Go to any of the Farmers Markets (not just Detroit’s Eastern Market) and you will find a “movement.” People want to know where their food comes from now but more importantly they want to know who is growing it. They want know the “Farmer!”

I think Detroit and Michigan are positioned to be the fruit and vegetable capital of the upper-Midwest. With abundant land, clear water supply, proximity to transportation and large pool of non-tech labor we could supply the region with fresh foods!

With our experience in automation we could take this new “green house” technology to great heights growing year round and delivering food in days, maybe hours, to local tables and eateries. Even in the dead of Winter.

Solar and wind power, geodesic heating and composting can provide for a near energy neutral agricultural industry.

However there are problems to overcome: Being a building contractor here in Michigan (specializing in rain gutters) I was also certified by the State for Lead Hazards (I have since let my cert lapse as I’m getting out of the business) I can tell you that many, many residential properties are contaminated with lead. I believe lead poisoning is wide-spread in the older cities and is a cause of many permanent, early development learning problems for children.
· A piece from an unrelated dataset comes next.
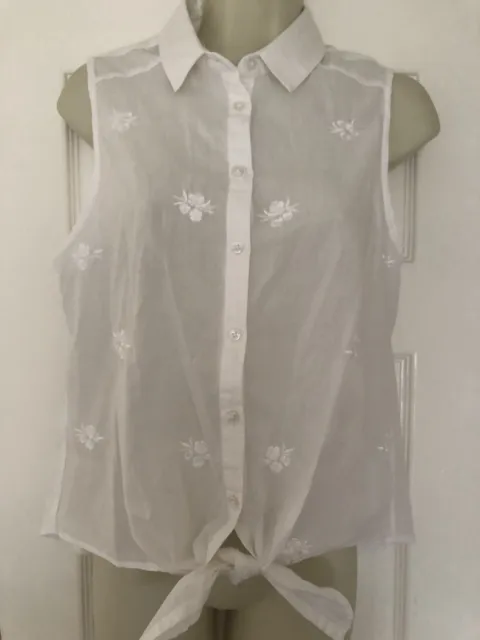 White Broderie embroidered tie top new look summer size 12 Cotton blouse collar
Old industrial sites are a bigger problem. Growing up in this area and working in the welding and tool & die trades, I have personally witnessed dumping of extremely toxic waste into creeks, storm water drains or just out on the ground. Mercury and heavy metals from the old smoke-stack industries will be a problem. The city has also been used to illegally dump waste (of who-knows-what and who-knows-where).

The wonderful thing about Greenhouses (my Grandfather had two and my Brother-in-law owns and operates Big Red in Romeo which has acres under greenhouse) is that the ground below can be capped with concrete and raised beds are used for better control of the soil and its ambient conditions. Fresh soil and compost can be brought in with a high degree of control.

The fruit and vegetables grown locally would be fresher and more nutritious. The cost of transportation, handling and storage would be greatly reduced. And the sense of Community you find at a local farmer’s market will make any town or city a little nicer place to live.